What the exercise asks | From the records below, print exactly the lines starting at the one containing "P140-1954-40 PATCH. AMERICANO" and ending at the one containing "Women's Shapers Fajas", ends included, and nothing else.

Data for analysis |
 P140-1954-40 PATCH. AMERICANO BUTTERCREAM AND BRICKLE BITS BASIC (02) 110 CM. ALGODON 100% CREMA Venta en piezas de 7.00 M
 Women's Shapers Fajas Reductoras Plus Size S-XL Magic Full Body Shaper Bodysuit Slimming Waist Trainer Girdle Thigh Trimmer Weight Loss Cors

==

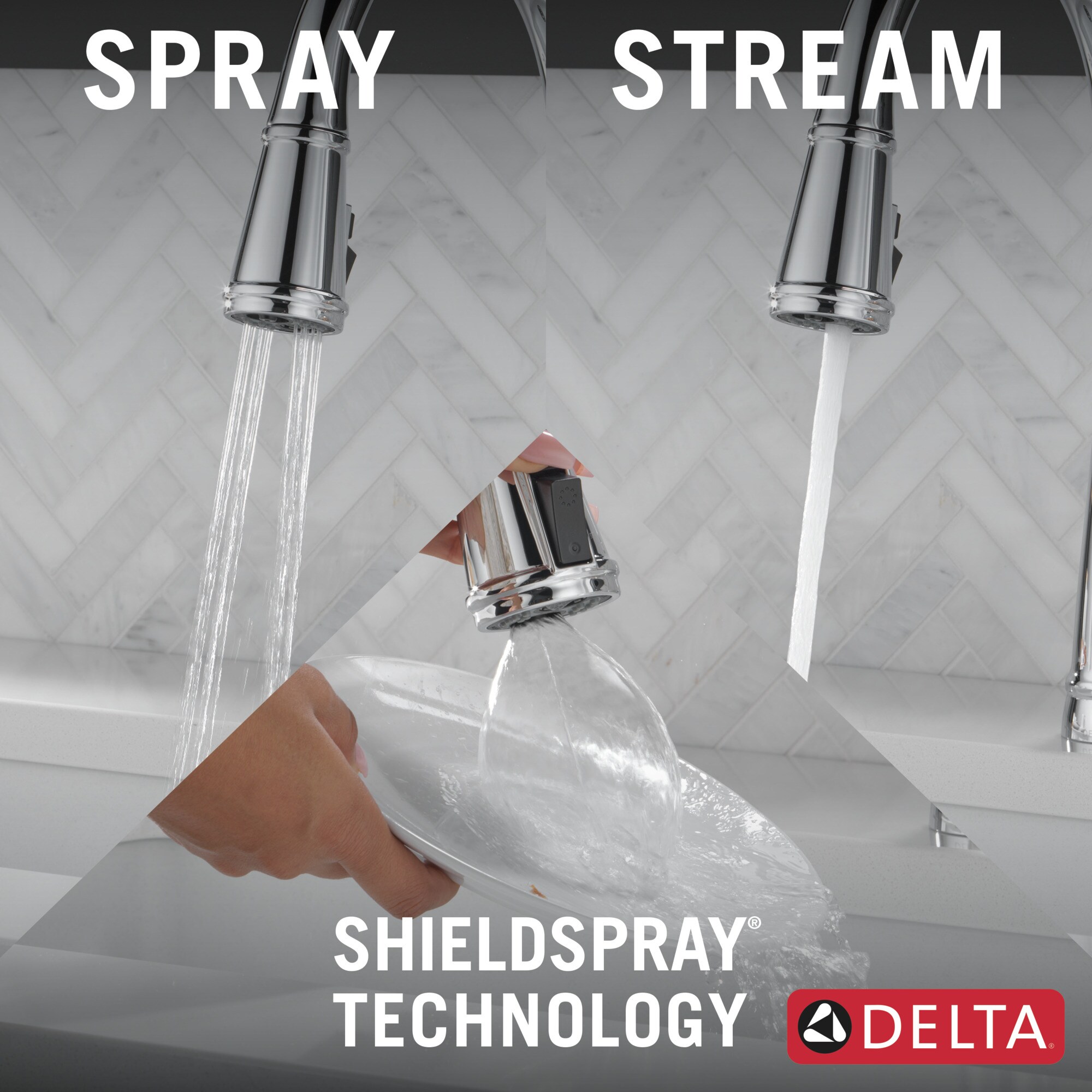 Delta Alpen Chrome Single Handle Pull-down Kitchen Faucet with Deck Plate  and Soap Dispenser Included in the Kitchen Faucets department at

* * *

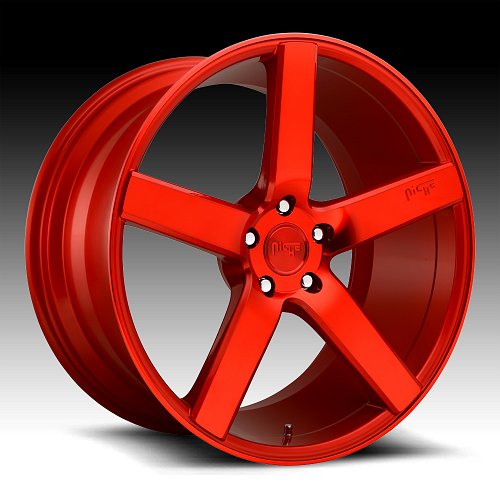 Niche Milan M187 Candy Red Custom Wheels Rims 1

Written solution |
 P140-1954-40 PATCH. AMERICANO BUTTERCREAM AND BRICKLE BITS BASIC (02) 110 CM. ALGODON 100% CREMA Venta en piezas de 7.00 M
 Women's Shapers Fajas Reductoras Plus Size S-XL Magic Full Body Shaper Bodysuit Slimming Waist Trainer Girdle Thigh Trimmer Weight Loss Cors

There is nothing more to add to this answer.